In dieser vollkommenen Entleerung gibt es diese eine Figur: Danae. Sie trägt als Einzige ein Leuchten in sich und sucht nach etwas anderem als alle anderen. Sie beginnt ihren Weg als Teil einer Gesellschaft, in der sie funktionieren muss. Aber von An­fang an unterscheidet sie sich von der Welt ihres Vaters Pollux, hat diese tiefe Ernsthaftigkeit und Obsession, die sie weiterträgt. Diese Daseinssuche ist lebensnotwendig für sie. Insofern ist Danae eine der typischen Frauenfiguren, wie Richard Strauss sie immer wieder geschaffen hat: eine Frau, die ihre Eigenständigkeit entdeckt, ihren eigenen Willen, ihre eigene Kraft und Freiheit.

YG Welche Erfahrung haben Sie in den Proben mit dem Stück ge­macht?

CG Diese Oper ist ein Phänomen! Man sagt, dass nicht klar sei, welchem Genre sie angehört: Ist sie eine „Heitere Mythologie“, wie es im Untertitel heißt, oder doch eine Tragödie? Man be­mängelt, dass der dritte Akt sich zu sehr unterscheidet vom Rest der Oper. Im Allgemeinen wird dieses sehr späte Werk – die offizielle Uraufführung fand ja erst 1952 nach Richard Strauss’ Tod statt – als weniger geglückt betrachtet. Es ist auch selten auf den Spielplänen zu finden.

Im Probenprozess habe ich die Erfahrung gemacht, dass für mich genau das, was man an dieser Oper als „problematisch” bezeichnet, das Interessante daran ist. Das Inkongruente und nicht Eindeutige ist ihr Zentrum, permanent stoßen hier die ver­schiedenen Ebenen aufeinander: das Hochheilig-Pathetische der alten Götterwelt mit dem Banalen, fast Pubertären der Ope­rettenwelt des Pollux. Das liegt direkt nebeneinander.

YG Die Welt, wie sie in Die Liebe der Danae beschrieben ist, setzt sich so vielgestaltig zusammen, wie es in einem schmaleren Werk gar nicht unterzubringen wäre. Es gibt drei vollkommen differen­te Welten: die Welt des Pollux, die Welt des Jupiter und dann die Welt der Danae, in die die Figur des Midas hineinragt.

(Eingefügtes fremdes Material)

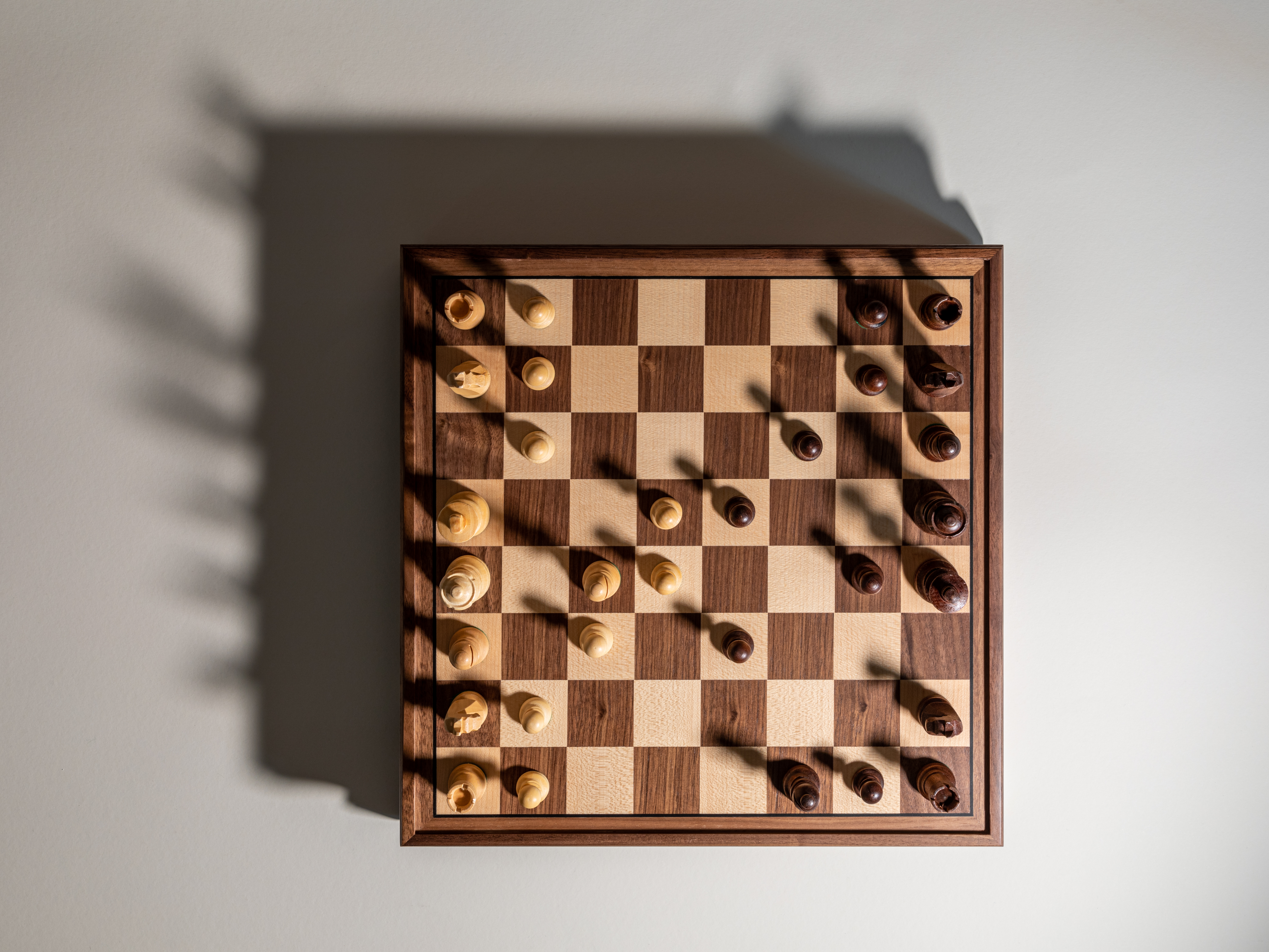 Overhead view of a wooden chessboard mid-game casting a long shadow across a pale table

CG Das sind drei Kosmen mit ganz unterschiedlichen Gewichtungen und Farben, die auch einer jeweils anderen inszenatorischen Sprachlichkeit bedürfen. Ich reagiere auf die Musik und darauf, was sie mir erzählt. So entstehen automatisch drei verschie-dene theatrale Formen. Reizvoll sind dann die Reibungen, die entstehen, wenn diese Welten aufeinandertreffen. Auf die Pollux- Welt z. B. schaue ich wie aus der Distanz, wie auf einen merk­würdigen Ameisenhaufen. Das ist eine groteske Welt.

YG Der Eindruck eines Ameisenhaufens ergibt sich wohl auch da­raus, dass all die Figuren aus dieser Welt keine spezifische Charakterzeichnung erfahren. Die vier Königinnen treten nur als Gruppe auf. Auch über Pollux erfährt man wenig. Man sollte sich also eher fragen, was das zu bedeuten hat, und nicht versuchen, den „Ameisen“ Tiefe zu verleihen. Die Pollux-Gruppe ist ein sehr konform agierender Haufen, der nach Geld giert. Das reicht, um Danae in die Startposition zu bringen.

CG Ich finde die Doppeldeutigkeit in diesem Stoff wesentlich: Es geht um verschiedene Werte. Der Wert von Gold ist für Pollux Kaufkraft und für Danae etwas vollkommen anderes. Für sie ist das Gold eine Begegnung mit purer Schönheit. Sie ist fasziniert von der Ursprünglichkeit und der Kraft der Erde, aus der dieses Metall stammt. Sie ist – ganz intuitiv und im besten Sinne naiv – gebannt vom Glanz und Zauber des Goldes. Und so, wie sie das Gold begreift, so begreift sie auch die Welt, von der sie umgeben ist. So durchdringt sie das System der Täuschungen, das um sie herum aufgerichtet wird. Sie lässt sich nicht von der Oberfläche blenden, sondern hat einen Sinn für das Authenti­sche, das Kreatürliche – und damit für das Wirkliche. Alles, was ihr geschieht, erlebt sie in einem langsamen Prozess, in dem sie Schein und Sein sortiert. So gesehen erzählt die Geschichte der Danae von einer großen – im Heidegger’schen Sinne ge­dachten – Ent-Täuschung.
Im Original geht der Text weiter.